Boeing stocks plunged nearly 5 percent on Friday after a fire and a "technical issue" on separate 787 Dreamliners in Britain stoked fresh safety concerns about the new high-tech jetliner.
Dow member Boeing's shares closed 4.7 percent lower at $101.87 in New York, clawing back from a dive of more than 7 percent.
Investor confidence was hammered after a Boeing 787 owned by Ethiopian Airlines caught fire while parked at London's Heathrow airport on Friday.
The fire forced Heathrow, the world's busiest international passenger air hub, to shut down for 90 minutes, but caused no injuries.
A Boeing spokesman said the US firm had personnel on the ground at the airport west of London and was "working to fully understand and address this."
In a separate incident, a Florida-bound Boeing 787 owned by Thomson Airways had to return to Manchester Airport in northwest England after take-off.
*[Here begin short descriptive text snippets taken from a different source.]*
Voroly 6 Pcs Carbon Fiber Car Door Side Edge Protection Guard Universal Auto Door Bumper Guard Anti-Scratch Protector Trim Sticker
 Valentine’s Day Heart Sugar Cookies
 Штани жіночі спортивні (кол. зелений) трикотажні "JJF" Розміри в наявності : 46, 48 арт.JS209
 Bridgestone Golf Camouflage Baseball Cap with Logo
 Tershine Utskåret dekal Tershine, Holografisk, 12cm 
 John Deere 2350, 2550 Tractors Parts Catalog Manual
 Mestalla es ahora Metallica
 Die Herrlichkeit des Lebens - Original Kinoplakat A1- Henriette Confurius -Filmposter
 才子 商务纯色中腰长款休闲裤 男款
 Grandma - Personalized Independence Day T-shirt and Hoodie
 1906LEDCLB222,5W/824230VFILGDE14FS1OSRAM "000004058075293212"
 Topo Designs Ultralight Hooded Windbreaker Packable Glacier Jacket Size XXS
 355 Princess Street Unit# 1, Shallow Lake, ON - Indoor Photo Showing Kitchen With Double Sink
Thomson said the flight was turned back as a precautionary measure because of a "technical issue."
The US Federal Aviation Administration said it was aware of the Heathrow fire. "We are in contact with Boeing as they assess the incident," a spokeswoman said.
The incidents were the latest in a series of problems with the cutting-edge Boeing 787, which entered service in September 2011 after three years of production delays.
All 50 787s in service worldwide in January were grounded for about three months due to overheating in its lightweight lithium-ion batteries.
The grounding came after a battery fire on a parked 787 in Boston and, days later, a battery smoke incident that forced an emergency landing in Japan.
Aviation regulators lifted the 787 grounding in late April after approving a Boeing battery fix.
There was no information yet on what caused the fire in the Ethiopian Airways aircraft.